== Record set ==
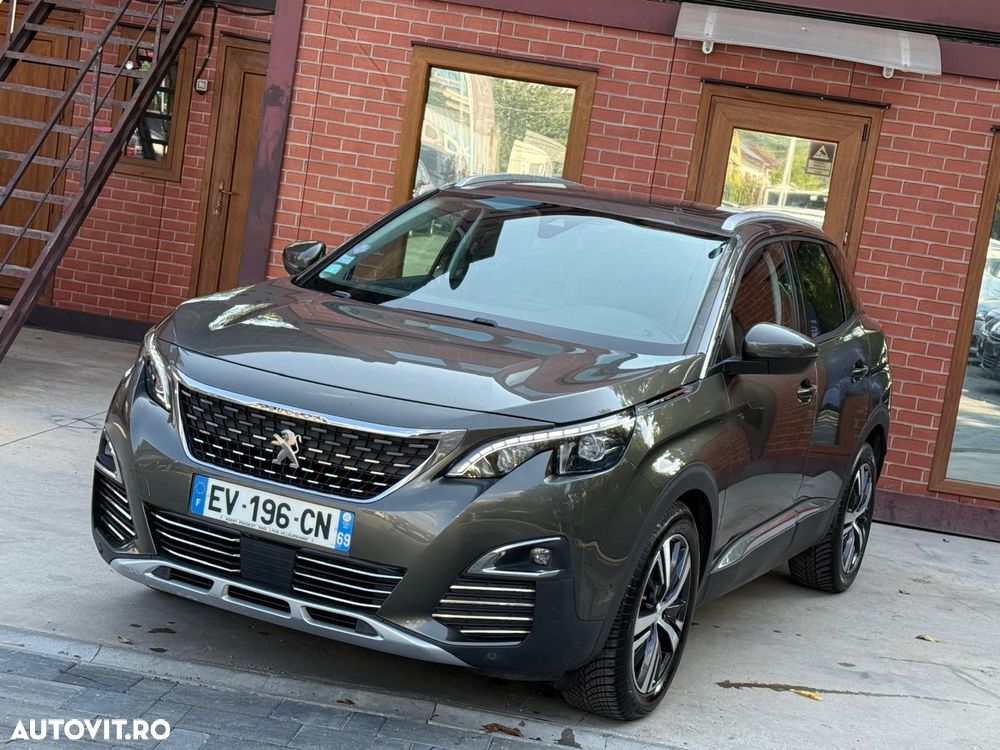 Peugeot 3008 - 1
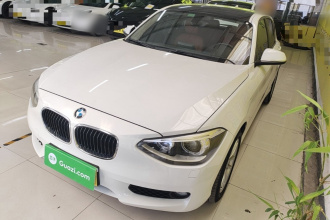 宝马1系(进口) 2013款 改款 118i 领先型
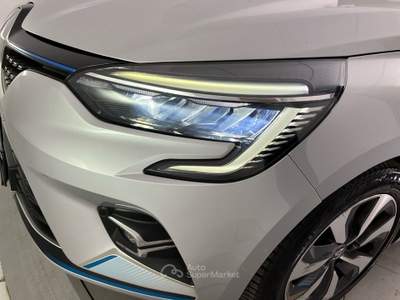 Renault Clio Clio 5 Porte 1.6 E-TECH Hybrid 140cv Serie Limitat Grigio usata Como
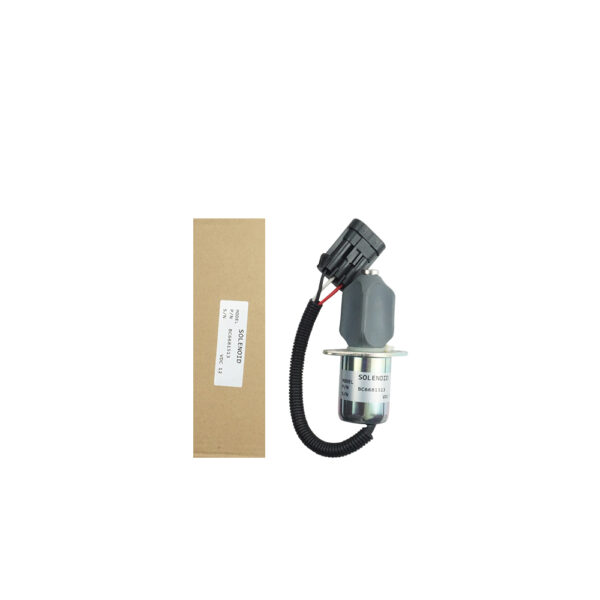 3930233 12V Fuel Shutoff Solenoid for Diesel Generators 3930233 12V Fuel Shutoff Solenoid for Diesel Generators
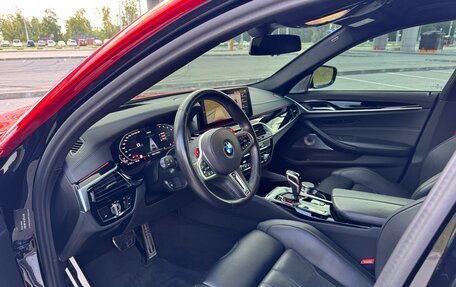 BMW M5, 2023 год, 14 900 000 рублей, 23 фотография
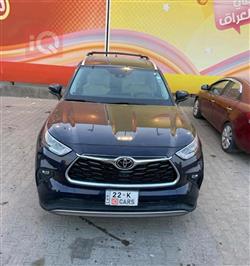 تويوتا هايلاندر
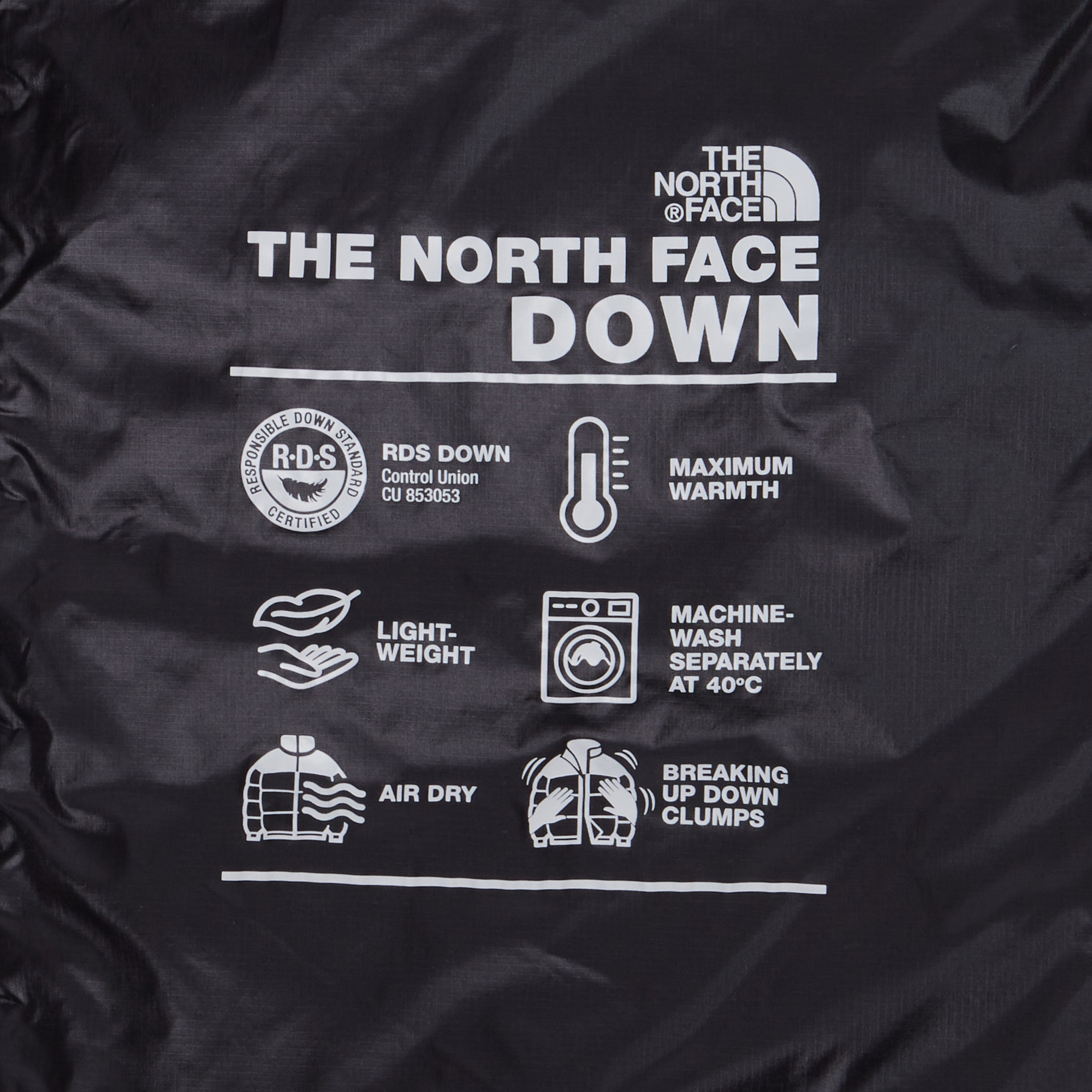 M'S LIGHT HEAT DOWN JACKET (RDS)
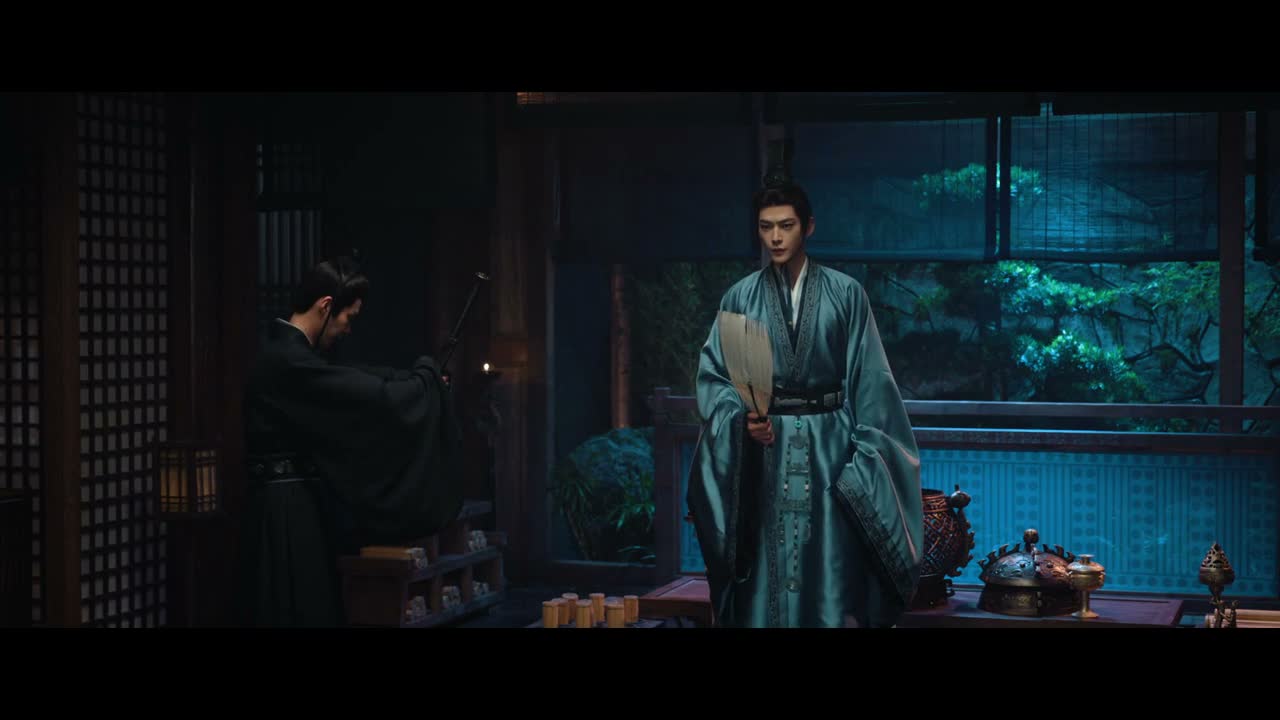 是属下失言 公子恕罪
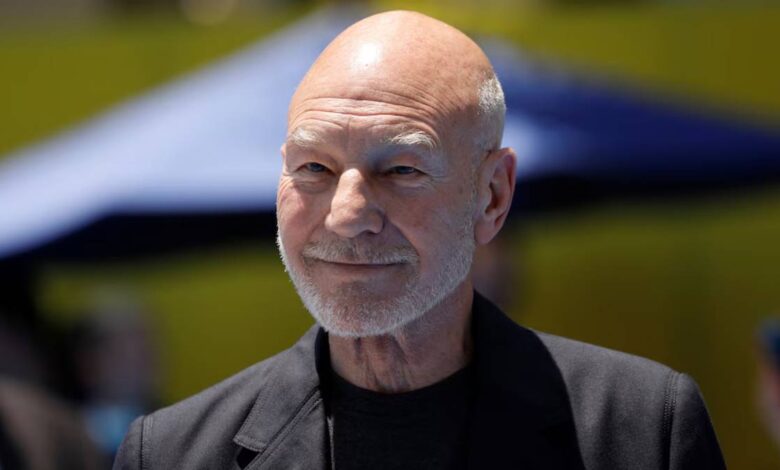 Muere Patrick Stewart, actor de ‘Star Trek’ y ‘X-Men’, a los 86 años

== Task goal ==
Reproduce the data word for word without its images.

== Written response ==
 Peugeot 3008 - 1
 宝马1系(进口) 2013款 改款 118i 领先型
 Renault Clio Clio 5 Porte 1.6 E-TECH Hybrid 140cv Serie Limitat Grigio usata Como
 3930233 12V Fuel Shutoff Solenoid for Diesel Generators 3930233 12V Fuel Shutoff Solenoid for Diesel Generators
 BMW M5, 2023 год, 14 900 000 рублей, 23 фотография
 تويوتا هايلاندر
 M'S LIGHT HEAT DOWN JACKET (RDS)
 是属下失言 公子恕罪
 Muere Patrick Stewart, actor de ‘Star Trek’ y ‘X-Men’, a los 86 años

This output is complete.